Looking at history from a different perspective
Michel is in the first year of his PhD at Trinity College Dublin, where he is studying the life of Anglo-Saxon missionary Willibrord, who lived from AD 658 to 739. In 690, the missionary came from Ireland to the continent, where he founded the monastery at Echternach in modern-day Luxembourg, now known as the Abbey of Echternach. Luxembourg’s annual UNESCO-listed ‘dance procession’ serves to honour him.
“Willibrord stands at the threshold of many important developments that shaped the 7th and 8th centuries in North-western Europe: He was part of a far-reaching network of Irish and Anglo-Saxon missionaries who brought new cultural impulses to the continent, he shaped the process of religious change on the fringes of the Frankish kingdoms, and he assisted the early Carolingians during their rise to power,” Michel explains, adding that he is looking at the missionary from a little-known perspective:
“Willibrord’s cultural connections and his political engagement have often only been analysed from a religious perspective. I wish to re-assess Willibrord’s activity as a ‘political player’: Analysing how he operated at the centre of early medieval politics as a landowner, an ambassador and a scholar can shed new light on the complex processes that led to the formation of Carolingian Europe.”
Challenging old concepts
Michel explains that his goal is to demonstrate that the missionary’s activity was more ‘international’ than has previously been acknowledged:
“His links with Ireland, Anglo-Saxon England, Frisia, Francia and Rome remind us that missionaries in the 7th century transcended borders rather than acting within them. The territory between Utrecht and Echternach was not a peripheral area but the core region of Willibrord’s work.
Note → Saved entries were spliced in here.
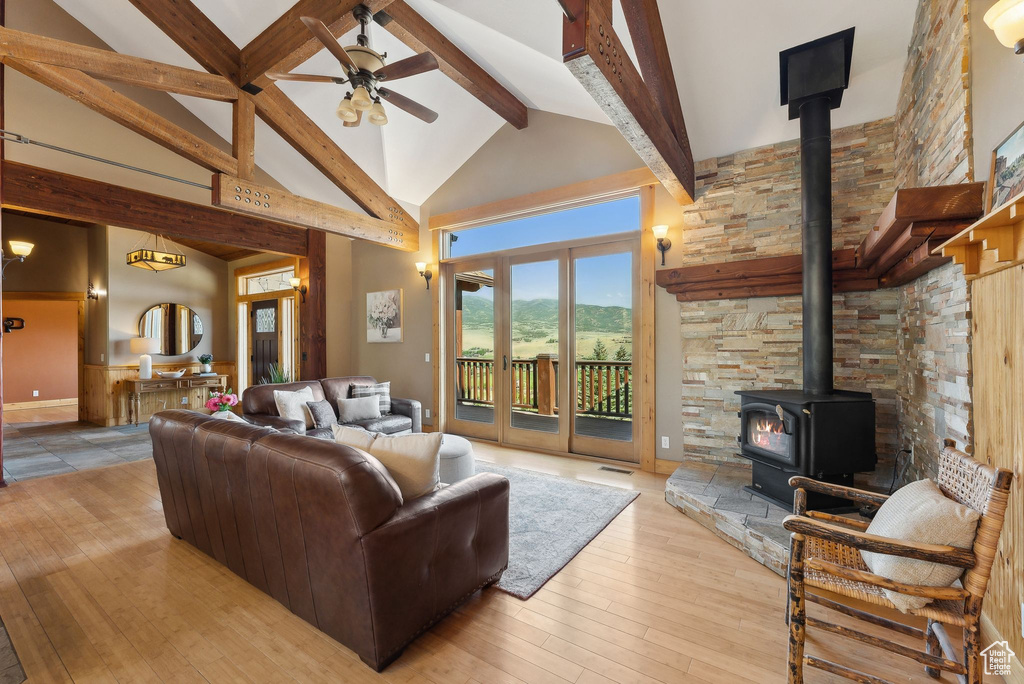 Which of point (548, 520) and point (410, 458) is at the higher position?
point (410, 458)

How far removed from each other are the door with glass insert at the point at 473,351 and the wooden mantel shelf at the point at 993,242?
13.6ft

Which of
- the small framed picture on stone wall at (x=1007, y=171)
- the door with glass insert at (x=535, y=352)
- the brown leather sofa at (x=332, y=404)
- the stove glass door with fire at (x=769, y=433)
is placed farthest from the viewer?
the door with glass insert at (x=535, y=352)

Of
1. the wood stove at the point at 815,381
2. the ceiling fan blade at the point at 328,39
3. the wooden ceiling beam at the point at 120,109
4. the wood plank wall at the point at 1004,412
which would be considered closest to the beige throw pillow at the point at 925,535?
the wood plank wall at the point at 1004,412

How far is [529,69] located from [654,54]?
145 centimetres

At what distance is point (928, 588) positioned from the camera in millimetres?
1387

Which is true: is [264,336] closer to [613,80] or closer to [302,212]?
[302,212]

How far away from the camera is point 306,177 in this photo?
235 inches

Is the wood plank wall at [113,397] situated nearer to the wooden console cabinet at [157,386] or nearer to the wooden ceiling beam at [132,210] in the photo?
the wooden console cabinet at [157,386]

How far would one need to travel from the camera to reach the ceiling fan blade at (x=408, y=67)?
123 inches

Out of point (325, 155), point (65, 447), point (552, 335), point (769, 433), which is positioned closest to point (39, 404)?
point (65, 447)

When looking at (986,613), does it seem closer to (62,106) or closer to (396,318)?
(396,318)

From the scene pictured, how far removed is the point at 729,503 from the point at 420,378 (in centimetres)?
428

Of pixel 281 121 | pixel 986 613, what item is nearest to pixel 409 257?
pixel 281 121

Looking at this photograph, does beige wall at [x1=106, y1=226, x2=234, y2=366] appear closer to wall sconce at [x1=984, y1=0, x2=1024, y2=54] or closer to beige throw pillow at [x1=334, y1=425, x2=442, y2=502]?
beige throw pillow at [x1=334, y1=425, x2=442, y2=502] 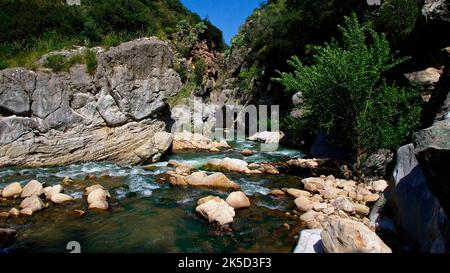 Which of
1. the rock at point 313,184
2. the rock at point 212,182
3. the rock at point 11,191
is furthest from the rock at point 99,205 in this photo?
the rock at point 313,184

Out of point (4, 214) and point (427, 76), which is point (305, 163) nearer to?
point (427, 76)

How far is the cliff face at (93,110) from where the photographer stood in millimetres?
11391

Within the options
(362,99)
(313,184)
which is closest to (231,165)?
(313,184)

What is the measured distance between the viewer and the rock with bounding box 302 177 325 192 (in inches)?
378

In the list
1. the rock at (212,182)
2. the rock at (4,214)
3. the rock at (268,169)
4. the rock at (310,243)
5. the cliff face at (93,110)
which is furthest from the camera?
the rock at (268,169)

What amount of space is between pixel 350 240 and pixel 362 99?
6.65 m

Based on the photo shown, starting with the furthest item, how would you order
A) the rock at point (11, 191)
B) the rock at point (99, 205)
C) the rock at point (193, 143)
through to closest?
the rock at point (193, 143)
the rock at point (11, 191)
the rock at point (99, 205)

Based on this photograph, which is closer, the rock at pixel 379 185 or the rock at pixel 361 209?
the rock at pixel 361 209

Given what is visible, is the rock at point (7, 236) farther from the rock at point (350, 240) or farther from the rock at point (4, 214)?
the rock at point (350, 240)

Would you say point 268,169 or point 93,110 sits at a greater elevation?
point 93,110

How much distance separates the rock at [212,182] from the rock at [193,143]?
24.5ft

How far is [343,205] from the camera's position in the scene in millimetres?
7672

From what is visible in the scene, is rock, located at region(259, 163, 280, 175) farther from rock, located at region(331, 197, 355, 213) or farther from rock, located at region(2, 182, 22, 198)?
rock, located at region(2, 182, 22, 198)

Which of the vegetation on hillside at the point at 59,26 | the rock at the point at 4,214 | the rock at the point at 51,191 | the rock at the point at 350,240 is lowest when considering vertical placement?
the rock at the point at 4,214
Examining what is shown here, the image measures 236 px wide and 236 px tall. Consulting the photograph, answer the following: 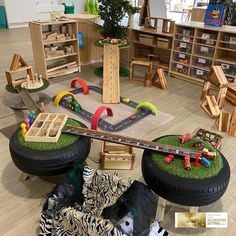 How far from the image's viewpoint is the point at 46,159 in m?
1.55

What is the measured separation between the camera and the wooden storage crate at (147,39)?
418cm

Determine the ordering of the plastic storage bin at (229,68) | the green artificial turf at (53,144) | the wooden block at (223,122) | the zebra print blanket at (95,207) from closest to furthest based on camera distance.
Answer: the zebra print blanket at (95,207)
the green artificial turf at (53,144)
the wooden block at (223,122)
the plastic storage bin at (229,68)

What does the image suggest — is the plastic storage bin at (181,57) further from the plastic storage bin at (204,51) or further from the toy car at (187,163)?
the toy car at (187,163)

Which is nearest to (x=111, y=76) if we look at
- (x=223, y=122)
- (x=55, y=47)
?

“I want to write a thesis that is innovative in its approach, convincing in its argumentation and contains new insights on the early Middle Ages. By shifting the geographical and political context, I wish to stir up a new debate on the period and to inspire future researchers to challenge old conceptions of nation and religious change in the early Middle Ages.”
In terms of where he wants to go after completing his PhD, Michel could see himself returning to Luxembourg to continue to study Willibrord, pointing out that some of the most influential work on his activity was written by Luxembourgish scholars. Many of the medieval documents connected to the abbey at Echternach are kept in Luxembourg’s National Archives, with the National Museum of History and Art also conserving archaeological remains of Willibrord’s church:
“Willibrord has always played an important role for Luxembourgish medievalists. With its multilingual profile Luxembourg would represent a fitting environment to further research on Willibrord and his period across national borders and disciplines. The country’s cultural heritage is closely connected to the history of North-western Europe in the early Middle Ages and I hope that the historical and archaeological research on this period will be further supported and developed in Luxembourg.”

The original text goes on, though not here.